● Description of the task
Produce a word-for-word copy of the lines from the one that contains "Golf: Jon Rahm to take 4-week mental break" to the final line of the data below, with all pictures dropped.

● Records for this task
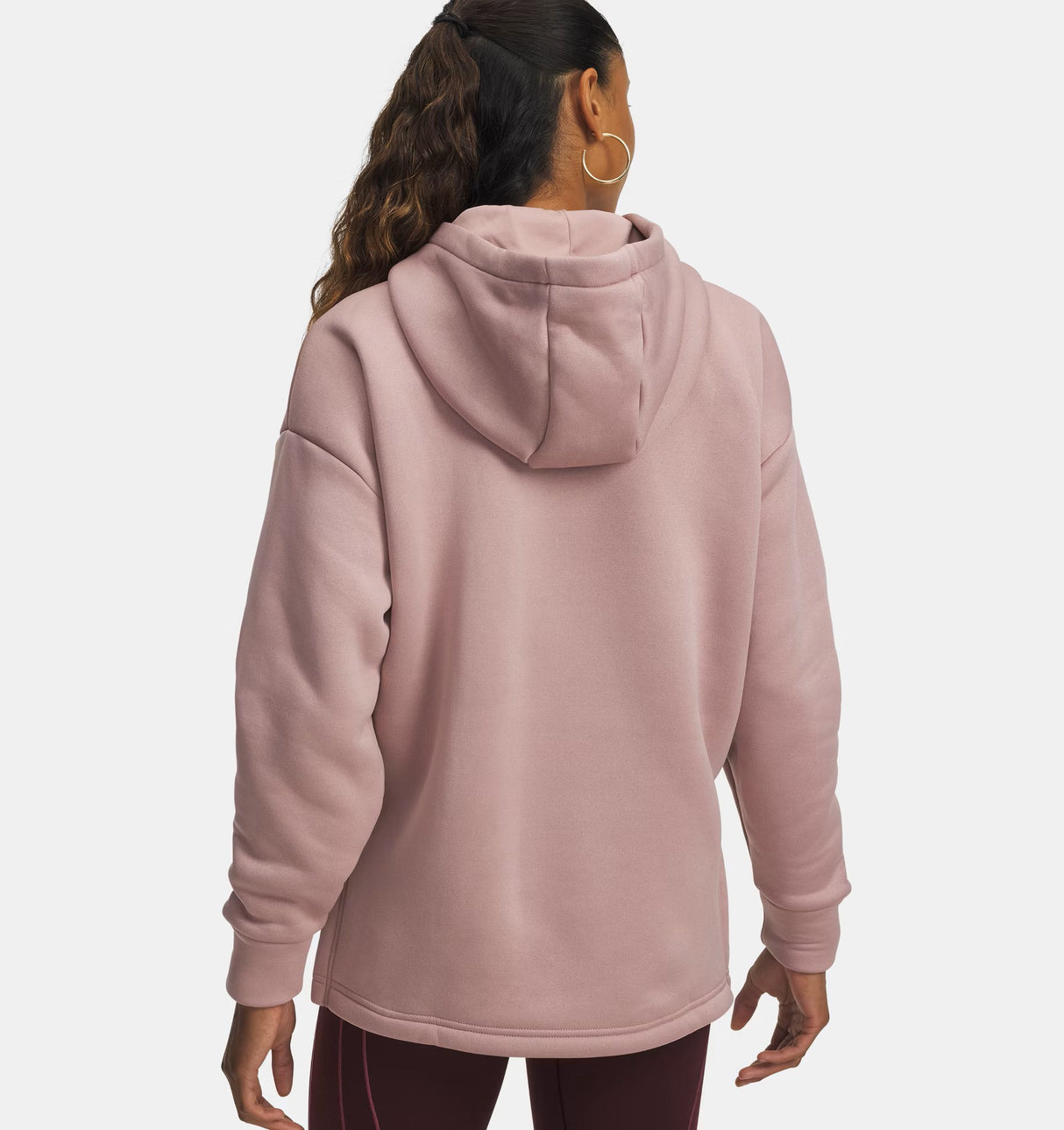 UNDER ARMOUR WOMENS ARMOUR FLEECE® HOODIE 26
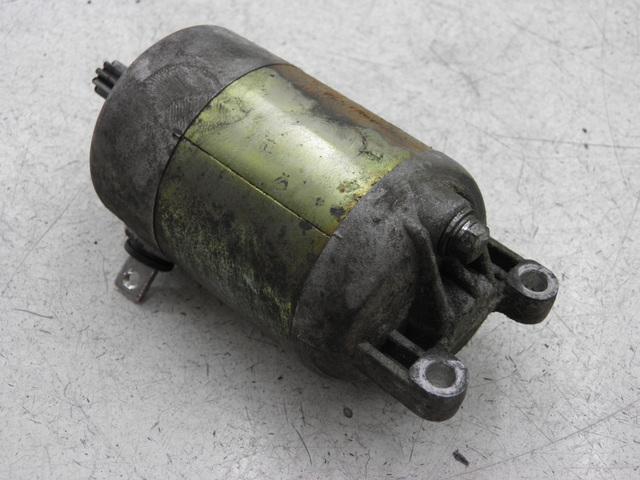 photo de STARTER MBK WAAP 125 (2008 - 2013)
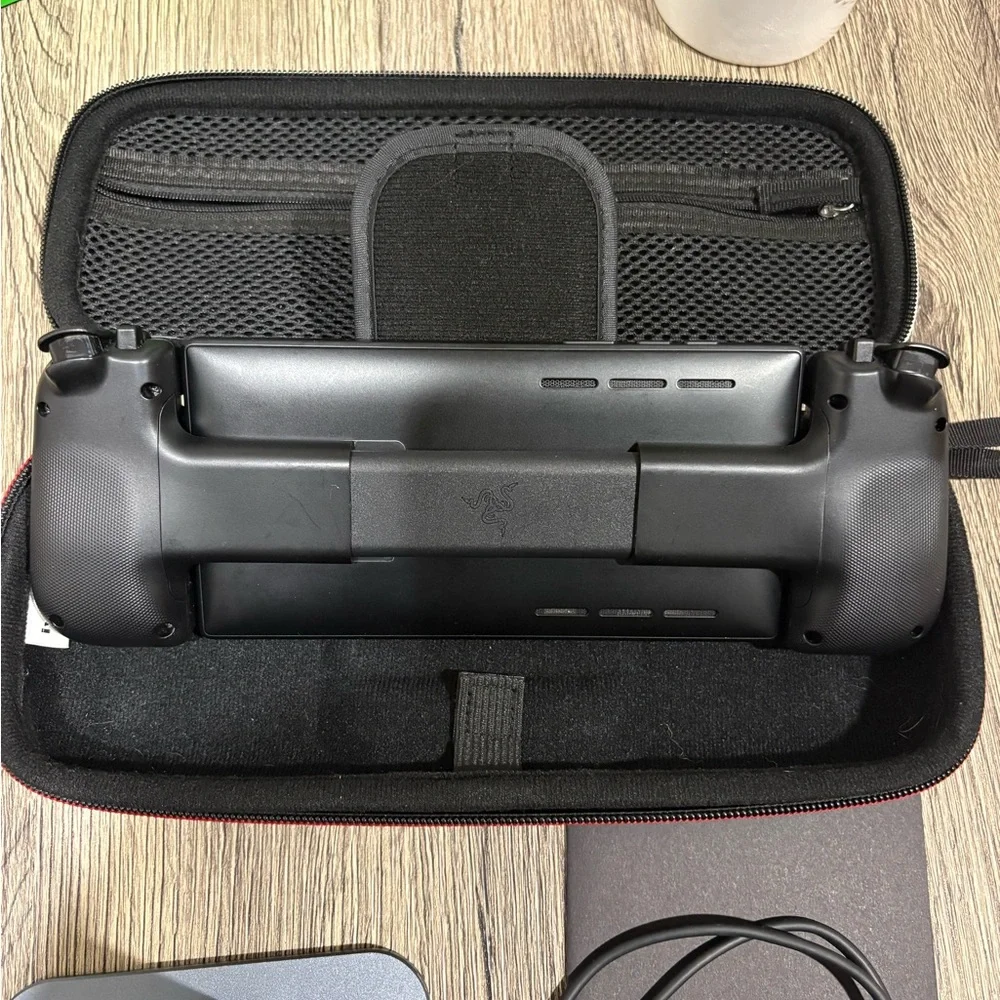 Razer Edge Black Gaming Set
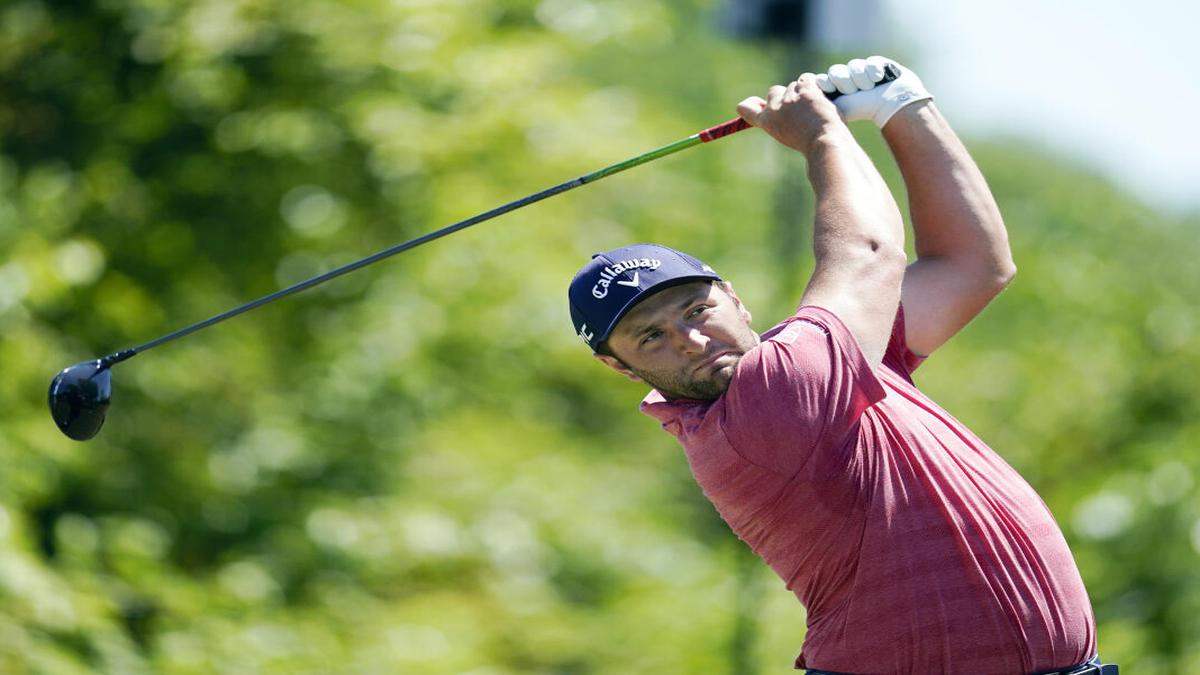 Golf: Jon Rahm to take 4-week mental break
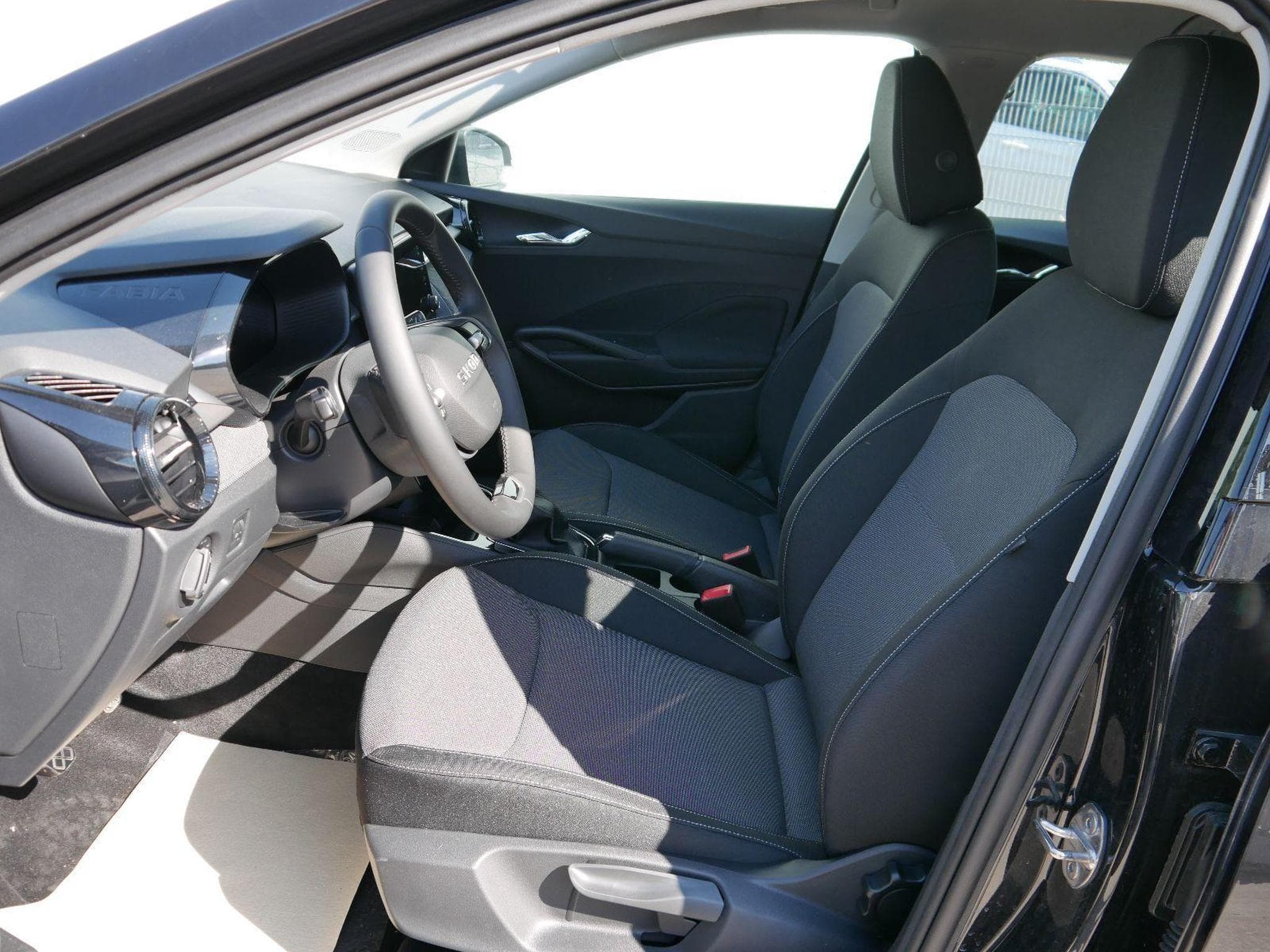 Skoda Fabia Selection (2026) - Photo 8
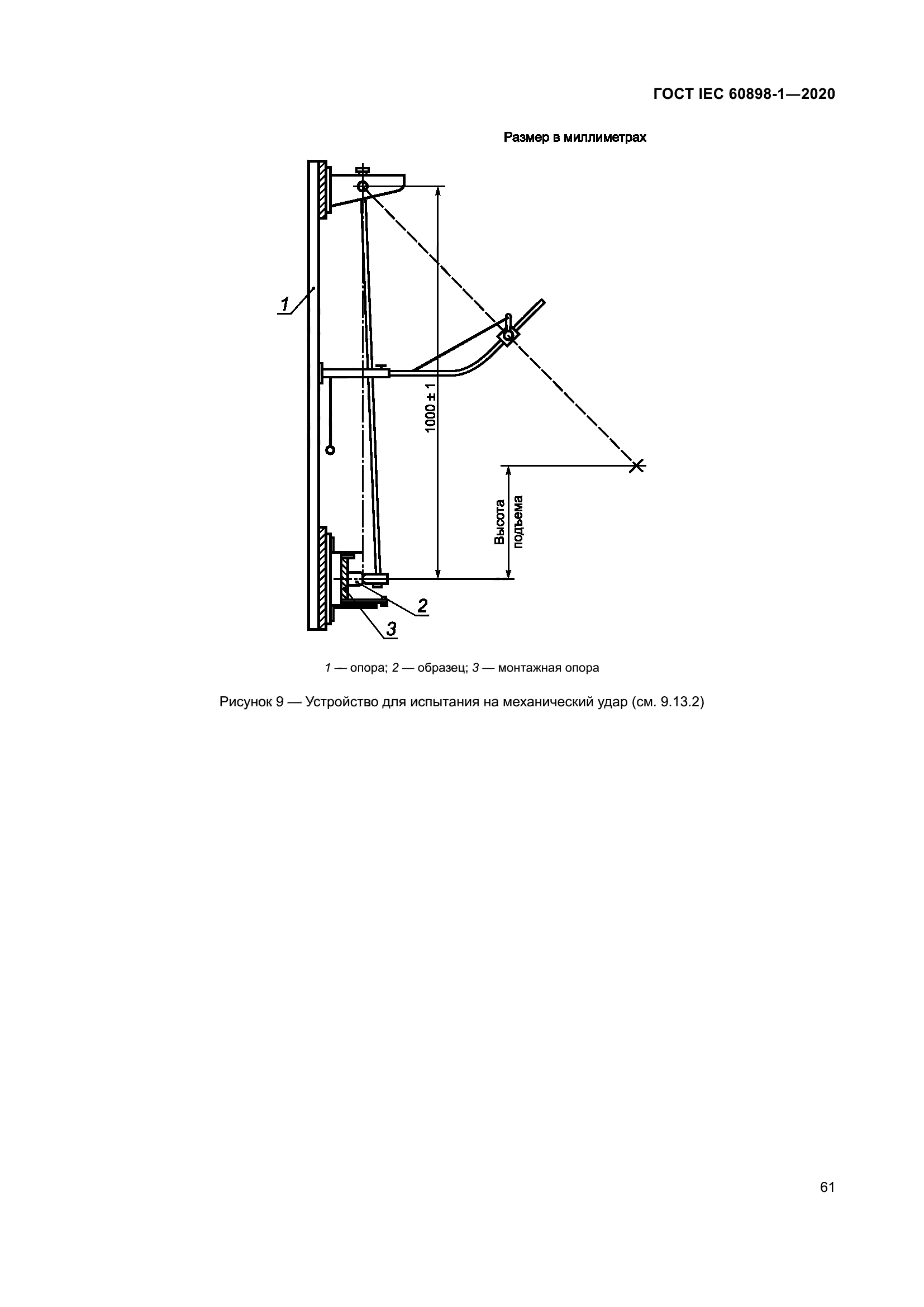 ГОСТ IEC 60898-1-2020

● Reply
 Golf: Jon Rahm to take 4-week mental break
 Skoda Fabia Selection (2026) - Photo 8
 ГОСТ IEC 60898-1-2020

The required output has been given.